Tra il 20 ed il 21 luglio del 1969, Neil Armstrong mise piede, per primo nella storia dell’umanità, sulla luna. Storica la sua frase: «Un piccolo passo per l’uomo, un grande balzo per l’umanità». Fu un evento spartiacque. Quel giorno d’estate il mondo intero mutò: l’impensabile divenne possibile. Da quel momento «l’uomo si è proiettato verso approdi ignoti», scrisse in merito Oriana Fallaci. Dietro a quel successo, stava un lungo impegno da parte di Armstrong e di tutta la sua equipe. Ingegnere, egli venne coinvolto dalla NASA per le missioni spaziali. Erano anni concitati per gli Stati Uniti: l’Unione Sovietica era avanti nell’esplorazione dello spazio e gli States temevano un totale controllo russo, con l’inevitabile indebolimento della nazione americana. Così il governo finanziò la rincorsa allo spazio. Servendosi di scienziati più appassionati alla questione scientifica che a quella politico-strategica, gli americani lavorarono duramente per poter atterrare, per primi, sulla luna. Ma le vicende di Armstrong non filarono lisce. La vita di Neil fu dura in quegli anni: molto impegno, tanti fallimenti, altrettanti rischi, tensioni e problemi al lavoro come in famiglia. Non ne andava una dritta. Ma la strada del successo deve essere lastricata da insuccessi: senza penare, non si raggiunge nulla. La silenziosa e costante tenacia di Armstrong fu il suo punto di forza: andò avanti, sapendo che il fallimento era sempre in agguato. La tempra lo aiutò a non cedere, sostenuto da una moglie decisa, paziente e non assente. Neil Armstrong non mirava a diventare un eroe, voleva soltanto raggiungere il suo obiettivo.

Tutto ciò è raccontato in First Man, diretto da Damien Chazelle e sceneggiato da Josh Singer (presentato in concorso all’ultima edizione della Mostra internazionale di arte cinematografica di Venezia). I fatti (tratti dalla biografia ufficiale di Armstrong, First Man: The Life of Neil A. Armstrong, scritta da James R. Hansen) sono narrati in maniera esemplare.
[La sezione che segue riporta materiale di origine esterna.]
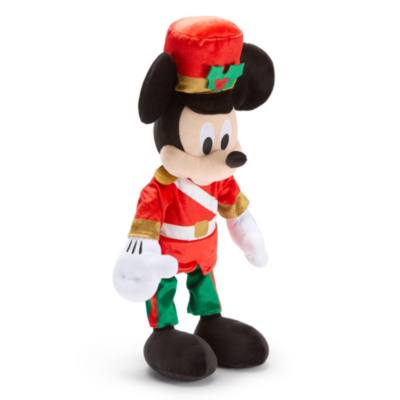 Micky Maus - Der Nussknacker - Weihnachten 2026 - Kuscheltier - 45 cm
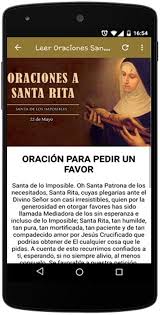 Símbolos de santa rita de casia. Oraciones A Santa Rita For Android Apk Download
Non c’è retorica: l’agiografia è completamente assente; l’astronauta più famoso della storia è rappresentato con tutti i suoi problemi e difetti (pienamente umano). La regia di Chazelle è pregevole: non ci sono i roboanti effetti speciali a cui siamo abituati, sono ben dosati a seconda della situazione, senza trascendere nella spettacolarità. Ogni scena è realizzata con precisione, senza sbavature. Non ci sono troppe battute, il silenzio spesso fa da protagonista. Negli occhi dei nostri astronauti, nel loro afono stupore, possiamo leggere tutte le emozioni che mille parole non potrebbero mai descrivere. Chazelle, sicuro di sé, utilizza il silenzio senza paura: dal doloroso mutismo di Neil, causato dalla morte prematura della figlia, al teso silenzio tra compagni di viaggio, la silenziosità è la grande protagonista e voce narrante di First Man. Nello spazio non c’è aria, non ci sono suoni: il silenzio è la sua vera lingua. Quel «silenzio di Dio» che turbava il cavaliere Block, protagonista de Il settimo sigillo (Ingmar Bergman, 1957) è la voce di Neil, quel suono non udibile, ma tutt’altro che muto, da lui cercato per anni, con duro lavoro e sacrifici. L’ha trovato lassù, sulle mute e deserte superfici lunari. Come Astolfo recuperò il senno di Orlando sulla luna, il nostro Armstrong, nel compiere il «grande balzo per l’umanità», recupera se stesso. Nelle cavità lunari, i fantasmi del passato svaniscono, proiettando lui stesso e l’umanità intera in una nuova era: l’era dell’infinito.